What needs to be done. In the material below, pictures must be dropped. Repeat exactly, and only, the lines from the line with "389 N 1270 W — Photo 18" to the line with "Los Laureles Hotel", both ends included.

Extracted material.
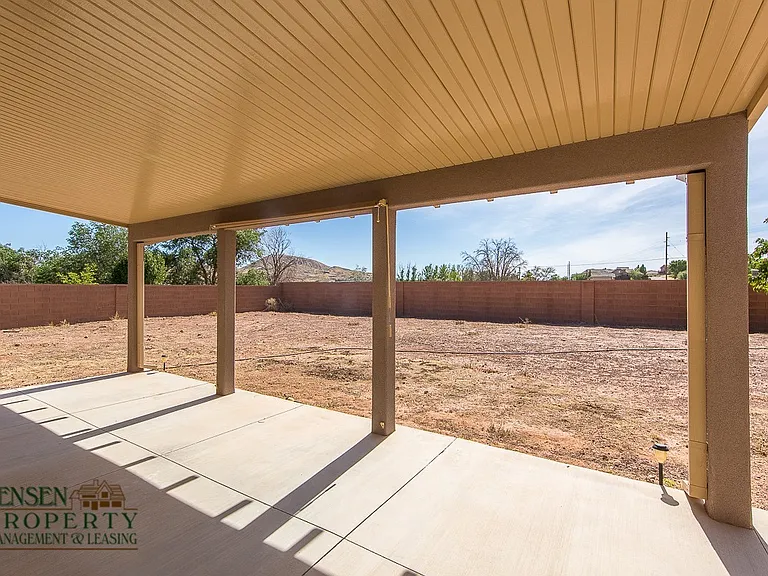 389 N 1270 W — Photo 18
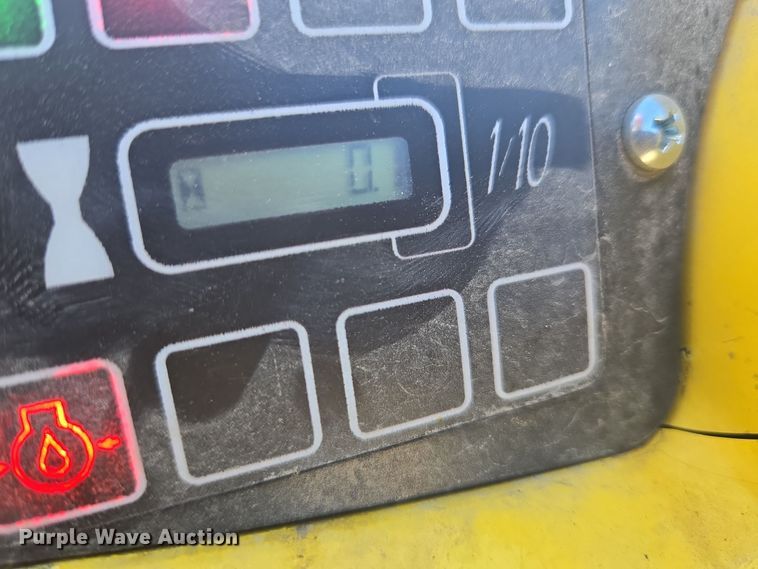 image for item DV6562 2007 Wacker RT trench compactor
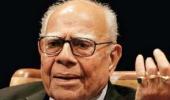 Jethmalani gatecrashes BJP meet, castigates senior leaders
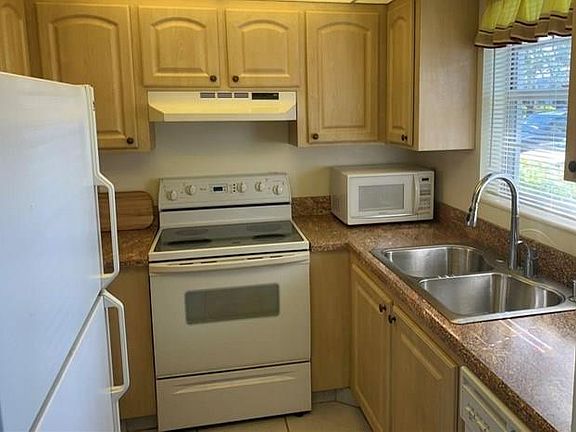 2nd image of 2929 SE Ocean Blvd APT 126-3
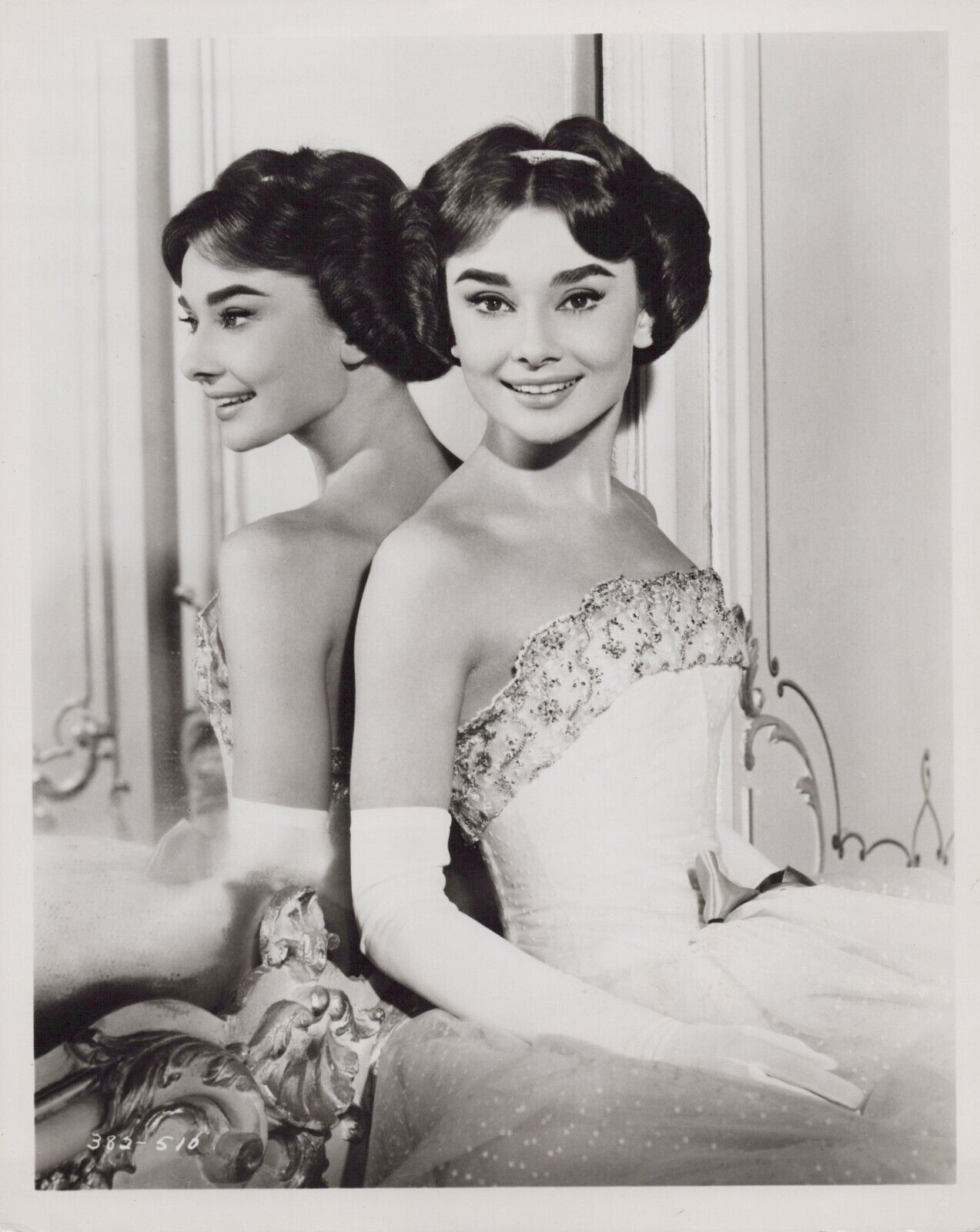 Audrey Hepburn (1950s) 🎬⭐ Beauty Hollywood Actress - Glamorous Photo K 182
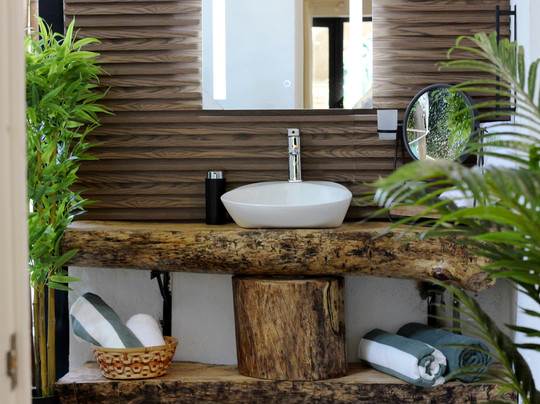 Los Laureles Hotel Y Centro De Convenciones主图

--

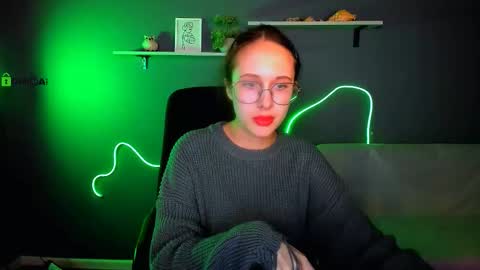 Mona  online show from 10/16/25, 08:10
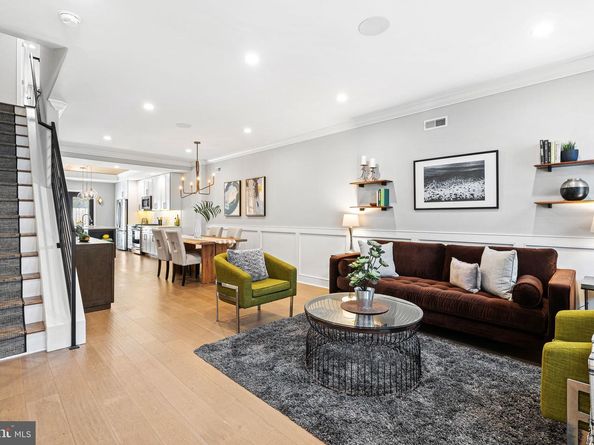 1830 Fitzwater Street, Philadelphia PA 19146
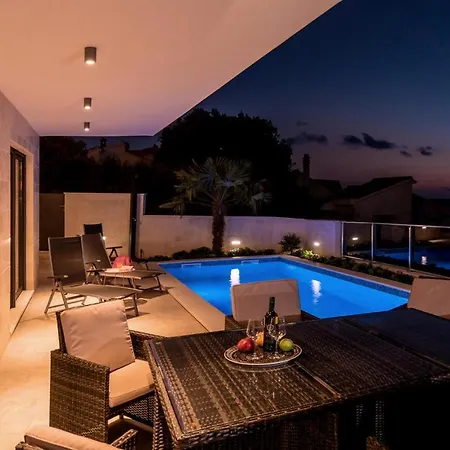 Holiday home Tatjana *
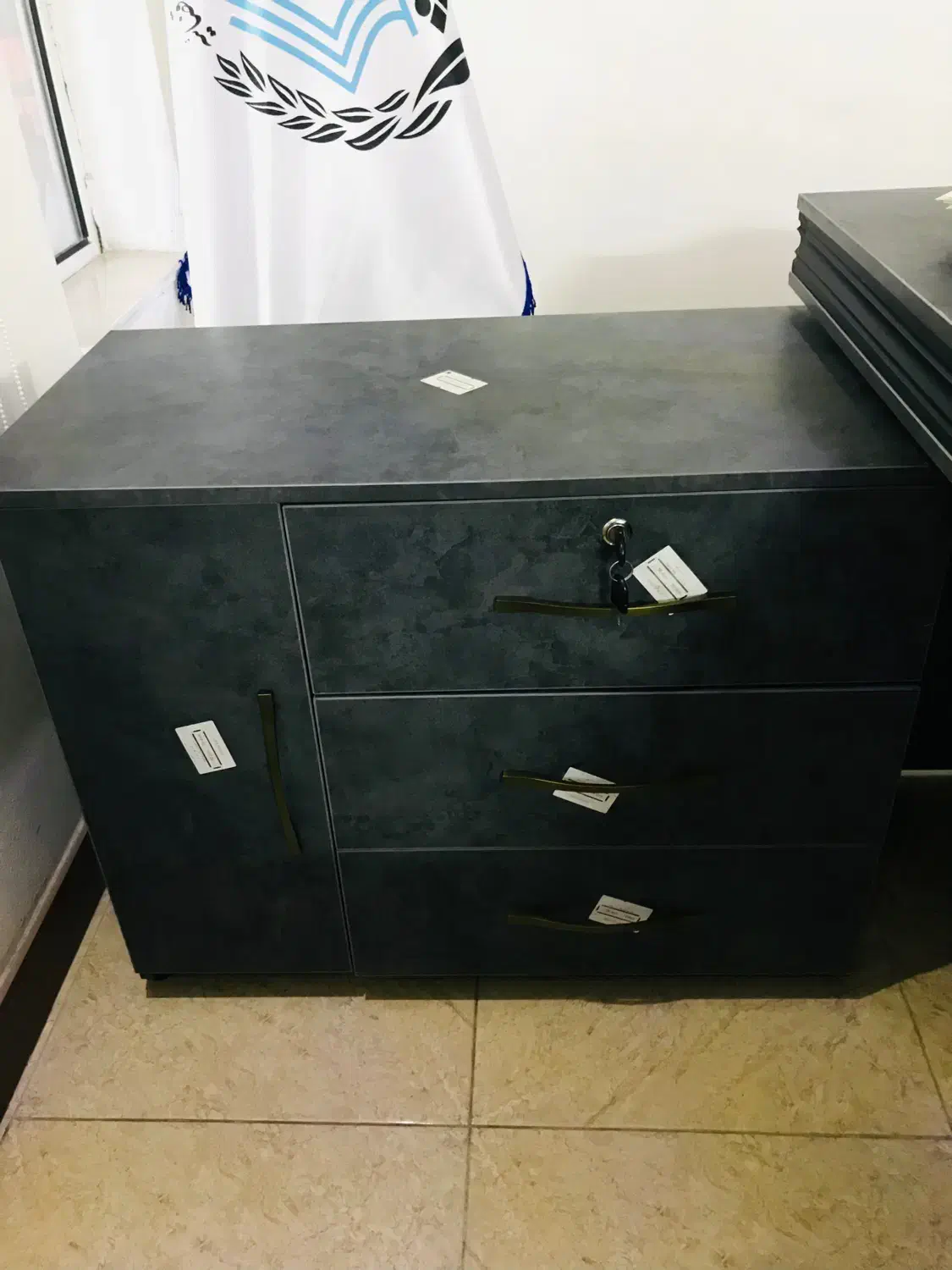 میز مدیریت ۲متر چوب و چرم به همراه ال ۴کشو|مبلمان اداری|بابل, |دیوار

---

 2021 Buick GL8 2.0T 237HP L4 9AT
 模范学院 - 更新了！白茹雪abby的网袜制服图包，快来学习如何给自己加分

Result for this exercise.
 389 N 1270 W — Photo 18
 image for item DV6562 2007 Wacker RT trench compactor
 Jethmalani gatecrashes BJP meet, castigates senior leaders
 2nd image of 2929 SE Ocean Blvd APT 126-3
 Audrey Hepburn (1950s) 🎬⭐ Beauty Hollywood Actress - Glamorous Photo K 182
 Los Laureles Hotel Y Centro De Convenciones主图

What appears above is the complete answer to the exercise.